Tag Archives: homophobic

Why I won’t be voting for Labour’s David Drew or joining the facebook group attacking him

David Drew
Today I stumbled across the Facebook group, ‘David Drew, some facts’.

It is a curious repetition of three accusations against the former Labour MP for Stroud. It holds significance though because he is, once again, standing in Stroud in 2015 in one of the closest fought marginal seats in the country.

Which means that my vote is one of the few in the UK that will hold any sway in the outcome of the 2015 election. Put another way, these accusations, if they sway just a handful of people, might be the difference between Labour returning an MP in Stroud or not.

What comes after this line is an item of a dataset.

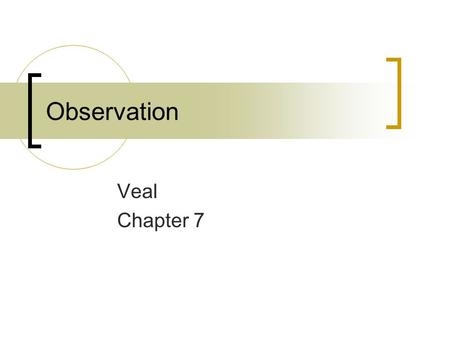 Observation Veal Chapter 7. The nature of observation Observation involves looking! Generally no involvement with the observed (who may not even be.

In short the three accusations made on the page are (not in my words but the groups):

1)      He is anti-gay because in June 1998 David Drew voted against lowering the gay age of consent from 18 to 16. He was in a v small minority (source).

2)      He is against woman’s right to choose whether to have an abortion, partly evidenced by this vote in May 2008 he voted for a reduction in abortion time limit, to restrict women’s sole use of IVF and to restrict hybrid embryos (source).

3)      He is anti-freedom of speech because in May 2009. He asked the home secretary to ban entry to the UK of Dr Philip Nitschke, the Director of Exit International, a Euthanasia Campaign (no source given).

The first thing to note from this list is that after a 14 year spell in parliament, the fact that they could only rustle up three things to disagree with him about is telling. David was a pretty good MP and I am sure he will continue to represents many of my Green concerns (social justice, environmentalism, human rights etc) very well if re-elected.

I have to say, much more so than the party he represents always does!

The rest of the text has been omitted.